*How to complete this task*
From the first line to the last, print the records exactly, leaving out the pictures.

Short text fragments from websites
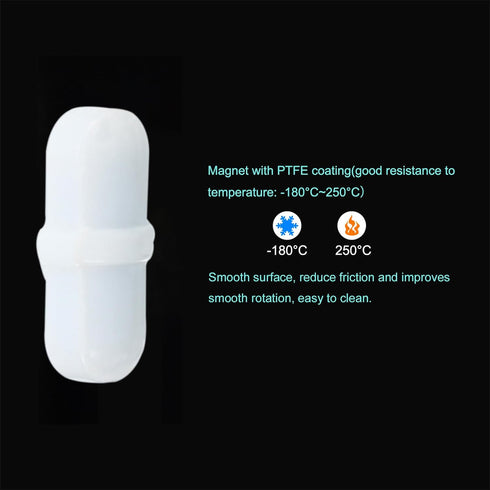 MECCANIXITY Magnetic Stirrer Mixer Stir Bar Rod, 15mm PTFE Coating Magnet for Laboratory, 20 Pcs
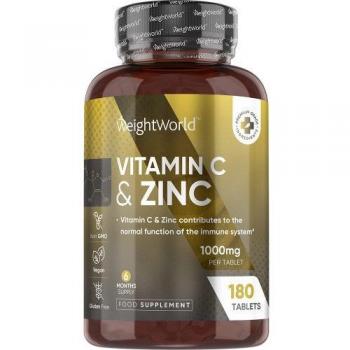 WeightWorld Vitamina C + Zinc 1000mg + 10mg - 180 comprimidos - Ayuda y fortalece tu sistema inmunitario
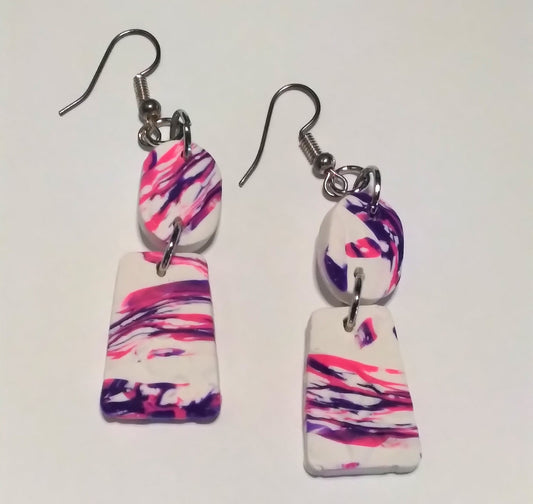 purple pink white polymer clay dangle earrings
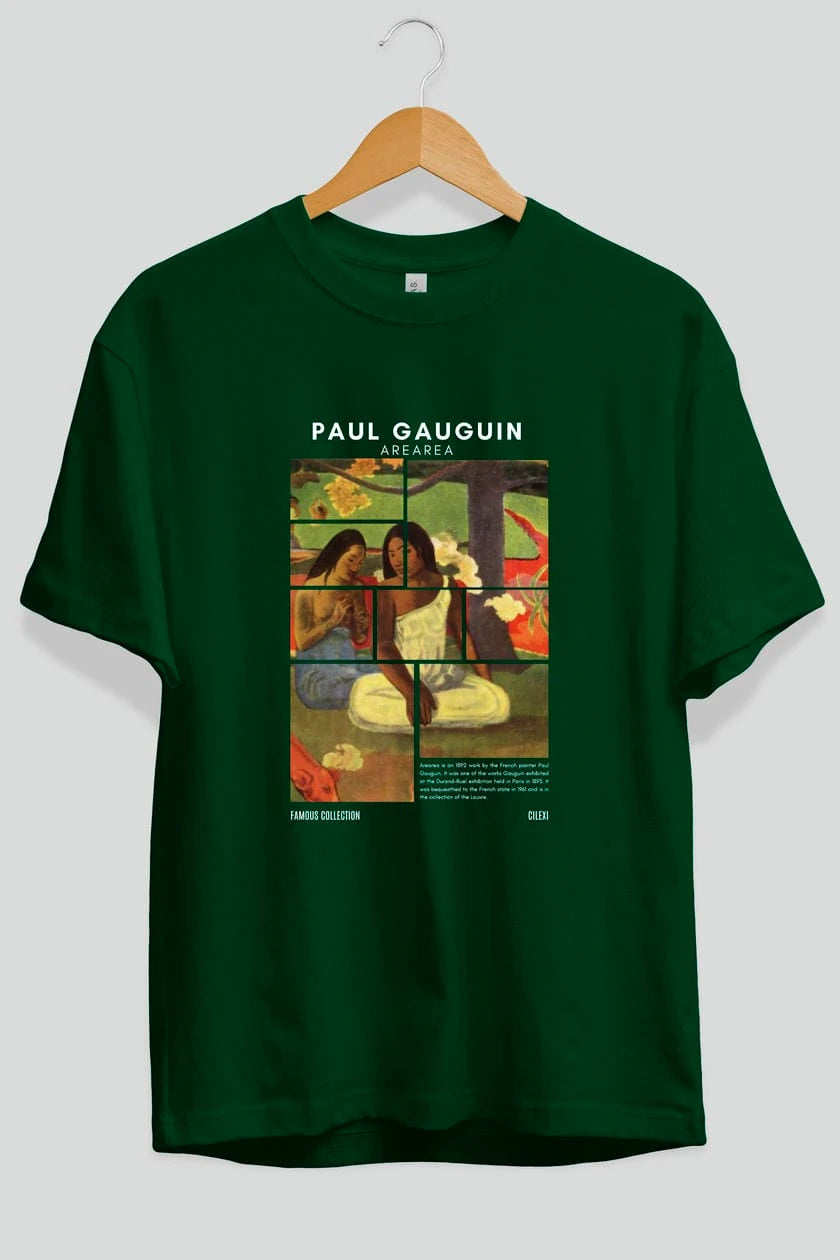 Paul Gauguin Arearea ön Baskılı Oversize t-shirt Erkek Kadın Bisiklet Yaka Pamuk tişort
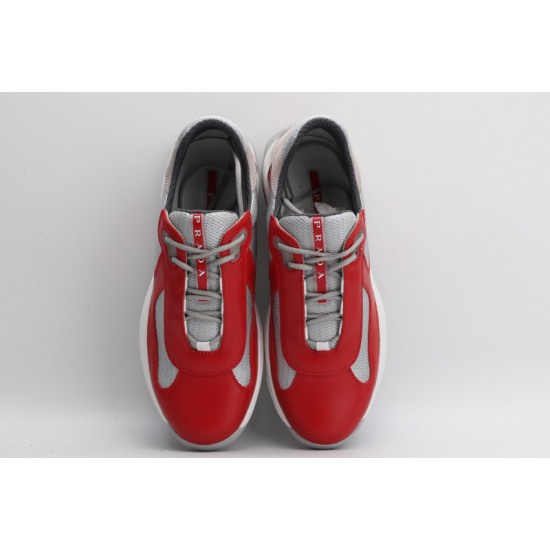 Prada America’s Cup Original Low-top Sneakers Red Mesh Grey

*Task response*
 MECCANIXITY Magnetic Stirrer Mixer Stir Bar Rod, 15mm PTFE Coating Magnet for Laboratory, 20 Pcs
 WeightWorld Vitamina C + Zinc 1000mg + 10mg - 180 comprimidos - Ayuda y fortalece tu sistema inmunitario
 purple pink white polymer clay dangle earrings
 Paul Gauguin Arearea ön Baskılı Oversize t-shirt Erkek Kadın Bisiklet Yaka Pamuk tişort
 Prada America’s Cup Original Low-top Sneakers Red Mesh Grey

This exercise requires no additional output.